Photos of poetry in action, and a new book

Although I wasn’t able to make it to Cathy and Angela’s poetry readings at 8th Day Coop in Manchester last month it looks (and sounds!) to have been a great event, with an appreciative audience (and they were particularly happy to buy Cathy’s new book Look At All The Women. This is good news for me as a publisher!). And just a reminder, you can still get Cathy’s book, and Angela’s wonderful collection of poems Letting Go at a discounted price in our store at the moment. I thought I’d share some photos of the event, hopefully encouraging anyone who’d like to perform their poetry, to give it a go! Sarah Miller and Rosie Garland were also there, giving fine performances, so thank you to all who attended and made it a night to remember.

Angela Topping
Cathy Bryant

And another couple of lovely photos to share: the cover of our new book, and a box of the new books hot off the press!

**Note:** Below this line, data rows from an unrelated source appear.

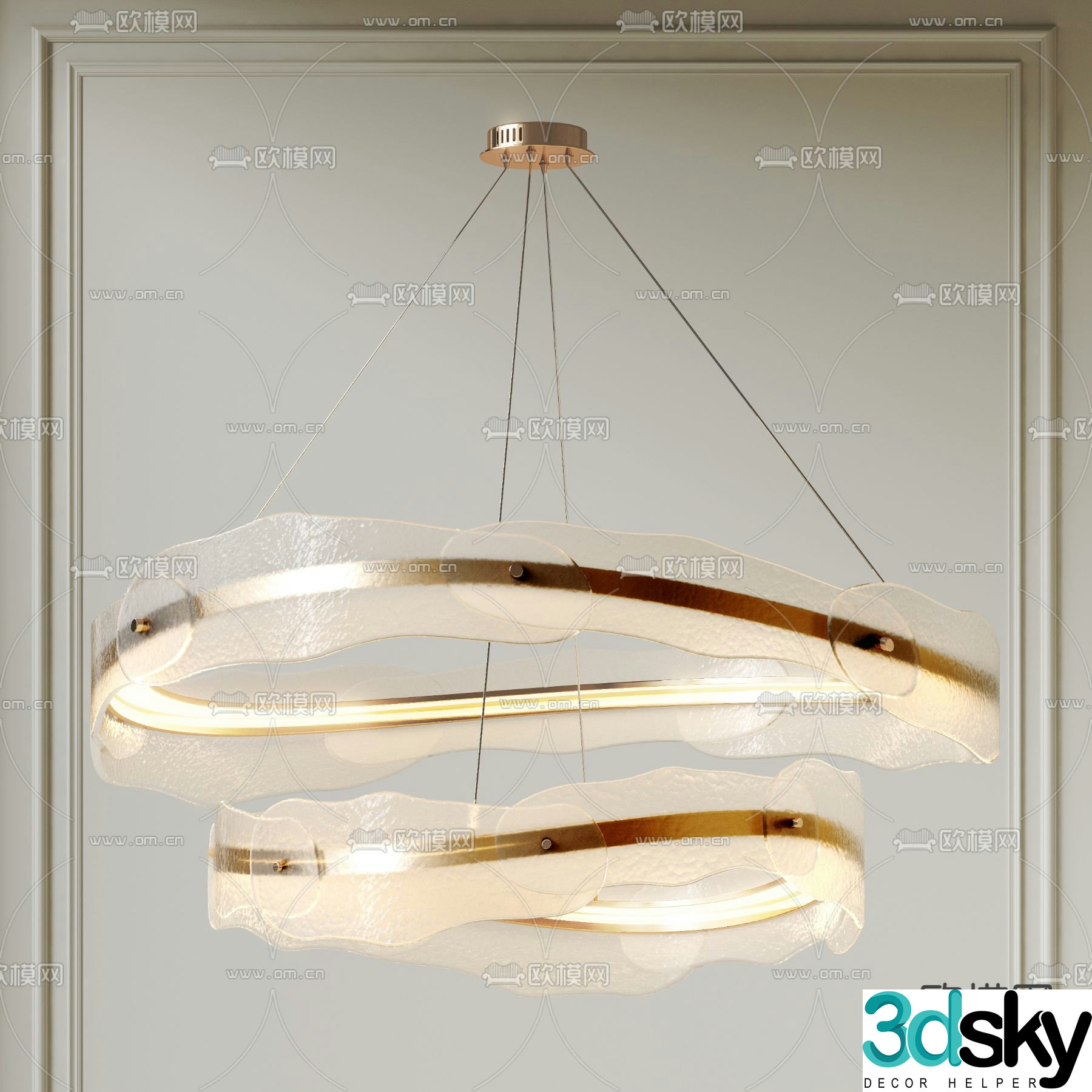 Light luxury chandelier ring chandelier 3d model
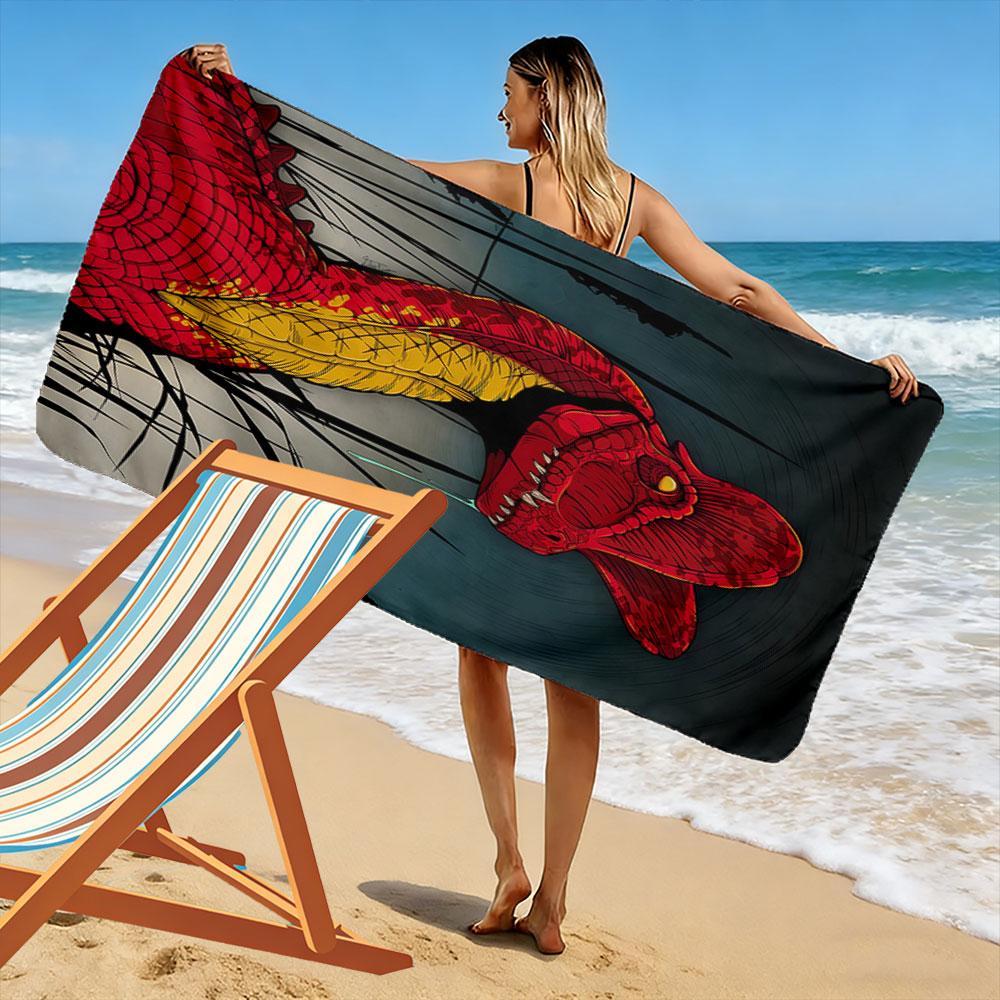 Fierce Crimson Beast Brilliance Print Beach Towel, Quick Drying, Suitable for Travel, Outdoor Sports, Jogging, the Beach and Swimming, Gift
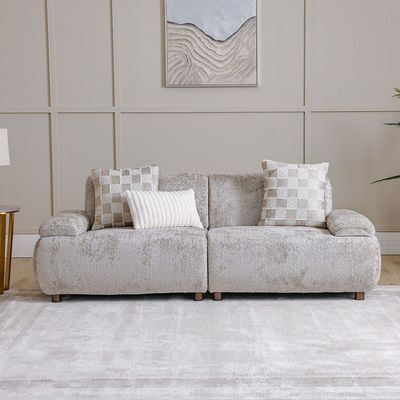 Valira 3-Seater Fabric Sofa - Beige - With 2-Year Warranty 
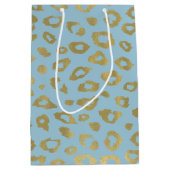 Goud Blauw Ombre Luipaard Print Medium Cadeauzakje (Voorkant)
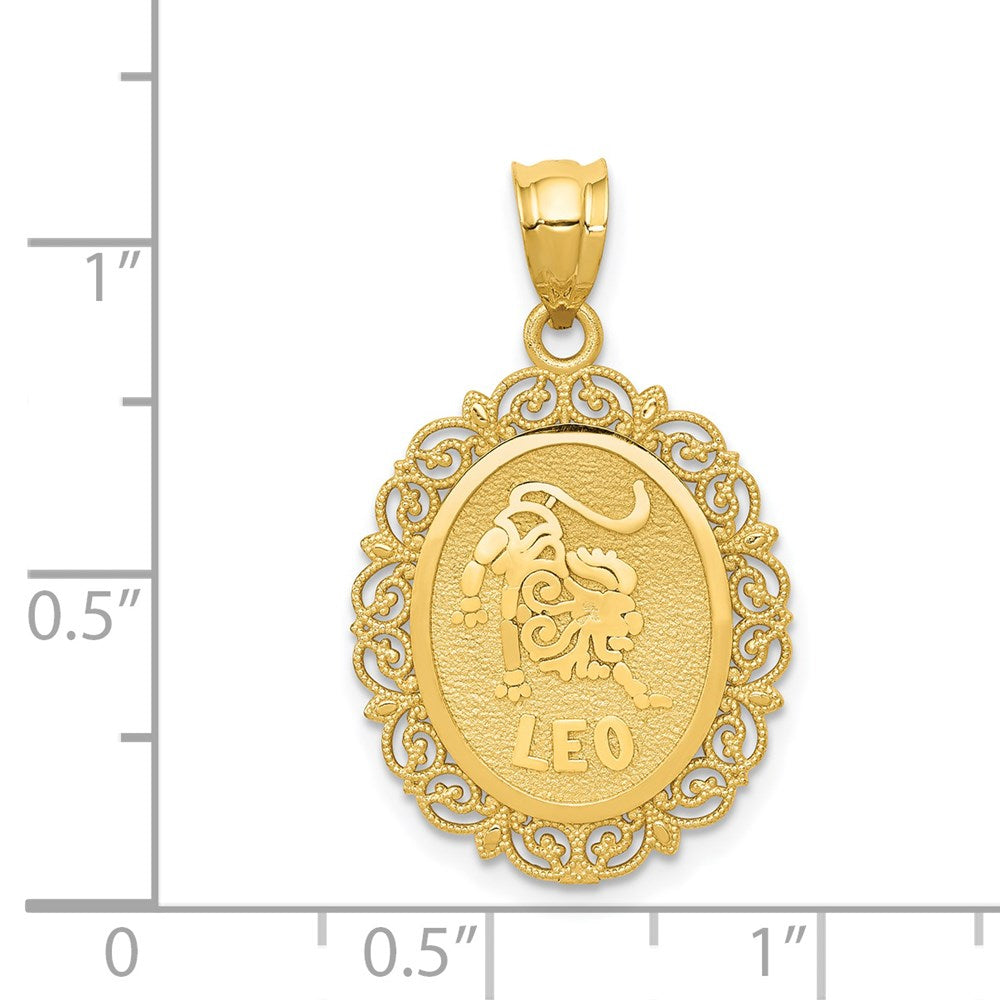 Alternate view of the 14k Yellow Gold Filigree Oval Leo the Lion Zodiac Pendant, 20mm by The Black Bow Jewelry Co.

It’s not too late to get £2 off the discounted price by pre-ordering from our store. The Writing Prize Anthology is officially published this Tuesday (30th September), so it’ll be shipped out to those organized folk who have managed to pre-order. And every copy of the book bought pays for one entry ‘fee’ to the 2014 Mother’s Milk Books Writing Prize. Bargain! Go on, why not write your own ‘Story of Us’ and send it to me. It’ll make me very happy.

Writing Prize & YouTube video goes live!

It’s official! The 2014 Mother’s Milk Books Writing Prize is now open and accepting entries. For more details about the prizes, who the judges are and how to enter please click here.

Also… as I’m writing this post, two of my authors, the wonderful Angela Topping and Cathy Bryant, are getting ready for their poetry gig at 8th Day in Manchester tonight. They will be joined by the poets Rosie Garland and Sarah Miller. Due to family reasons I can’t be there unfortunately, but hopefully this video of Cathy reading her poem ‘Look At All The Women’ will be *almost* as good as being there in person! Please do have a watch and share it if you enjoy it.

‘Look At All The Women’ by Cathy Bryant

Wonderful reviews for Look At All The Women keep popping up. The reviewer in the summer issue of Mslexia thought it “wickedly funny” and Zion Lights – writer, journalist, mama – recently wrote on Twitter that she was “Blown away by Cathy Bryant’s poetry in Look At All The Women“. Stephanie Siviter, who won a copy of Cathy’s book in the Story of Mum Twitter party giveaway, commented: “Delighted to win a copy. Shed tears reading it & laughed too.” She also added that “it has inspired me to start writing poetry again. A woman definitely to aspire to.”

I don’t think you can ask much more from a poetry collection can you?!

If you’d like to get inspired by Cathy or Angela’s poetry collections why not pop on over to The Mother’s Milk Bookshop and buy yourself a book or two – they’re NOW ON SALE! Every purchase made provides the buyer with one paid entry ‘fee’ to our Writing Prize…. I hope that that is inspiration enough to GET WRITING and GET ENTERING!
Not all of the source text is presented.